> **RECORDED INFORMATION**
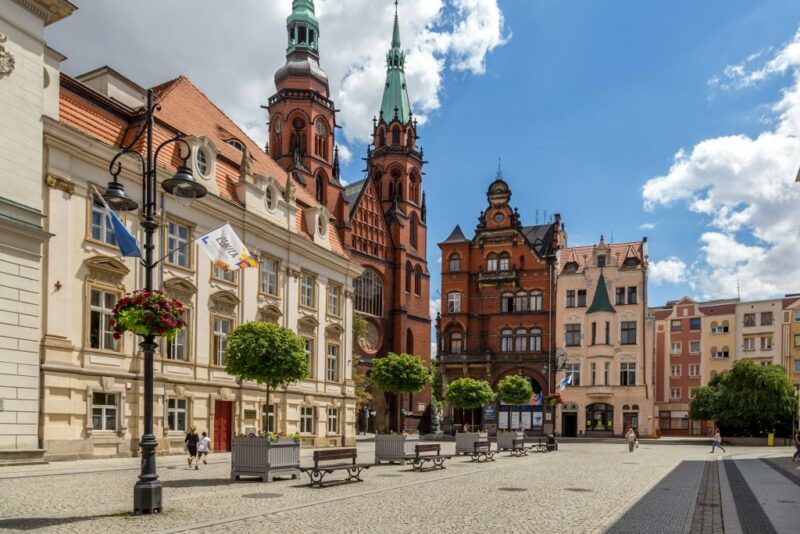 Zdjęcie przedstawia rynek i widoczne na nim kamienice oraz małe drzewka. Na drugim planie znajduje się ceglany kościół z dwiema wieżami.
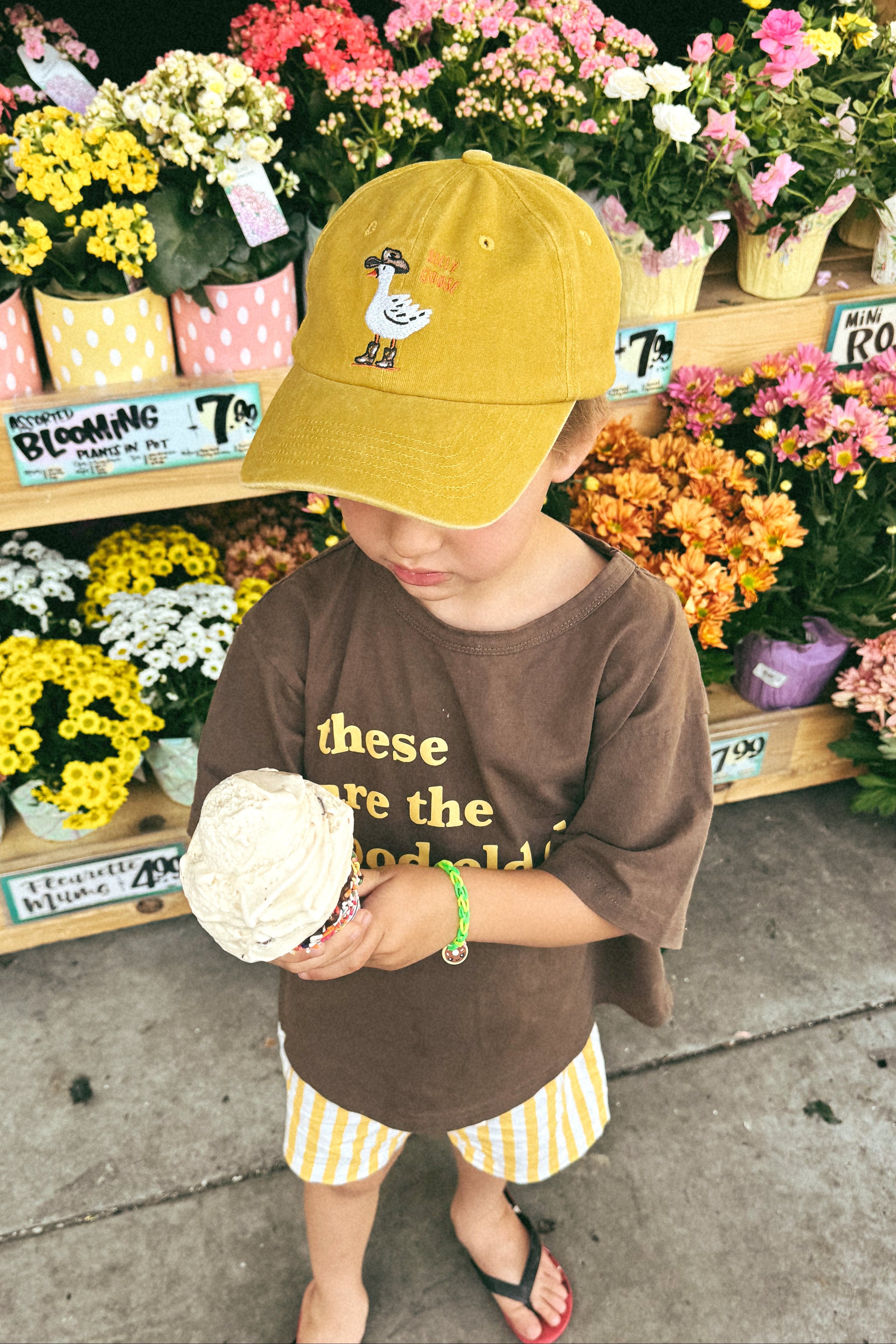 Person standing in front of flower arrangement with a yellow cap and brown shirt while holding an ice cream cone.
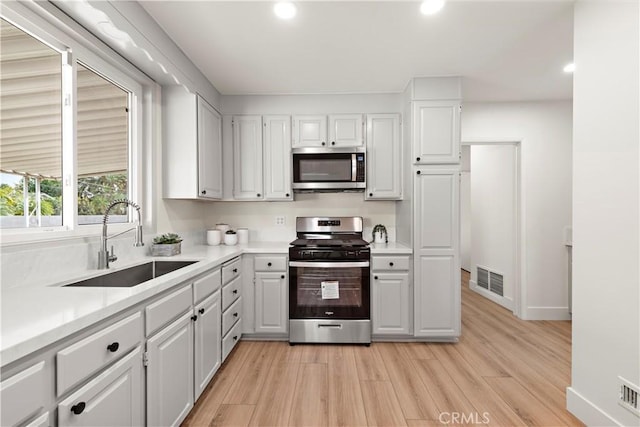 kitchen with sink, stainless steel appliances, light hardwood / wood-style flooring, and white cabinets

> **WHAT YOU ARE ASKED TO DO**
Write out the material exactly, excluding pictures.

> **OUTPUT FOR THIS TASK**
 Zdjęcie przedstawia rynek i widoczne na nim kamienice oraz małe drzewka. Na drugim planie znajduje się ceglany kościół z dwiema wieżami.
 Person standing in front of flower arrangement with a yellow cap and brown shirt while holding an ice cream cone.
 kitchen with sink, stainless steel appliances, light hardwood / wood-style flooring, and white cabinets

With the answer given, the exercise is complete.